The Honor the Future campaign is the University’s fundraising campaign to encourage alumni and friends of the University to donate towards the University’s goal of becoming the best public university by 2030. The campaign has a goal of raising $5 billion for the University, to be divided among colleges and departments, by 2025. 

So far, total commitments to the University — including current gifts and pledged future gifts — during the 2022 fiscal year have surpassed those given in 2021. This year’s $322 million in gifts have surpassed those given at this time last fiscal year by 82 percent. Philanthropic cash flow — which does not include pledges for future support — increased by 46 percent.

Mark Luellen, vice president of advancement, reported that he is very pleased with the fundraising progress made this fiscal year in total commitments. The total $322 million raised is $80 million greater than the University's five-year average of $242 million in philanthropic commitments. Including both signed and verbal commitments, the University has around $400 million in total commitments, according to Luellen.

“We are and continue to be off to a really strong start this fiscal year as it relates to fundraising progress, frankly it’s one of the strongest stocks we’ve had so far in this campaign,” Luellen said. 

Luellen said the University has documented 53 gifts of $1 million or greater over the 2022 fiscal year. The gifts constitute the main source of growth in University fundraising, making up 55 percent of documented progress. 

Luellen also provided an update on the University’s progress on the Bicentennial Scholars Fund and the Bicentennial Professors Fund. The Bicentennial Scholars Fund is building an endowment for student scholarships to provide support for deserving students, while the Bicentennial Professors Fund is an investment to allow the University to create new endowed professor positions. Currently, the University has documented $574 million to the scholarship fund and $428 million in faculty support for a total of $992 million.

University President Jim Ryan discussed the background of the Cavalier Opportunity Fund, a new initiative that aims to allow low-income students who may not have the resources to participate in extracurriculars — including Greek life, club sports and social clubs — to access the full University experience.
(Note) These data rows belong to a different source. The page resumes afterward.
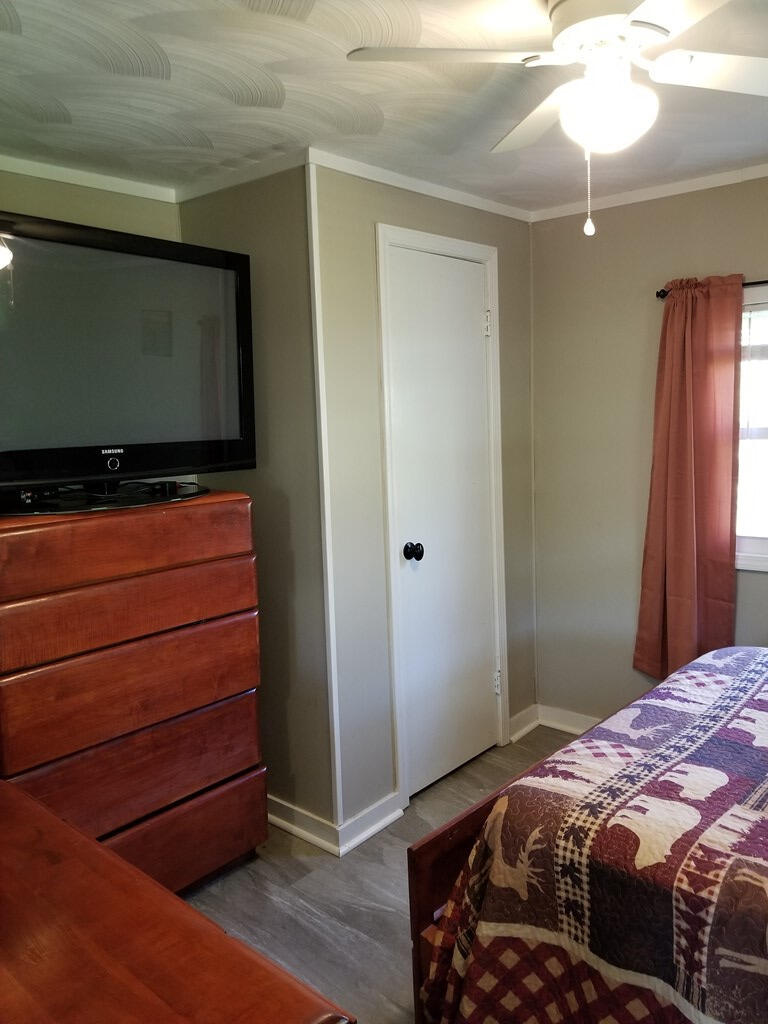 979 Spring Valley Road Marion, VA 24354 - Photo 10 of 12 BR2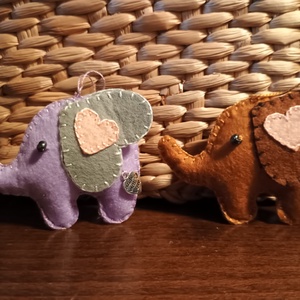 Apró elefánt pár szívecskékkel - otthon & életmód - dekoráció - fali és függő dekoráció - függődísz - Meska.hu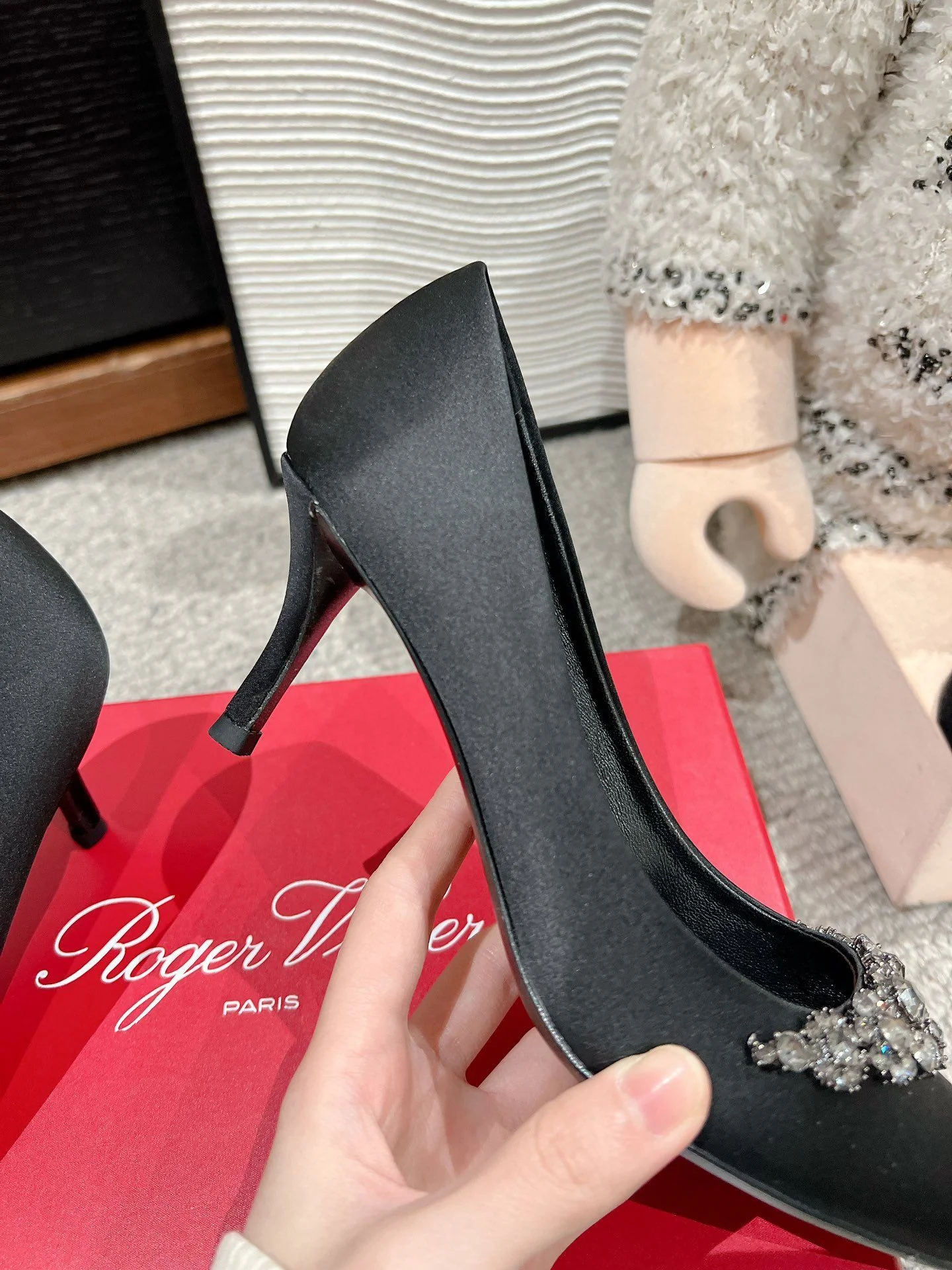 Roger Vivier Shoes FashionForward 5834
The program is still in its early stages, and according to Ryan, the University is currently raising funds.

“The student body at U.Va. has become more diverse over the last decade — including socioeconomically — and part of that is because U.Va. guarantees to meet 100 percent of financial needs, but getting students in the door is only part of the mission,” Ryan said. “One barrier that low and middle-income students sometimes face that their more well-resourced peers don’t is that although their financial aid covers the cost of attendance, it doesn’t necessarily cover costs for participating in the full life of the University.” 

The initiative was proposed to allow students to feel a greater sense of belonging by joining clubs and organizations that enable students to access leadership opportunities, develop relationships and boost their confidence. 

“The idea behind the Cavalier Opportunity Fund is to address that gap between what students receive as part of their financial aid package and what might be necessary for them to participate in the full life of the University,” Ryan said. 

Vice Provost for Enrollment Stephen Farmer expressed his excitement to work on the project and how he hopes the Cavalier Fund will help to empower students — both recipients of funds and others.

“Every thriving student helps every other student, because every happy student at the University makes it easier for other students to be happy and achieve what they’re called to do and what they came here to do.” Farmer said. 

The Advancement Committee will present again during the next meeting of the Board in June.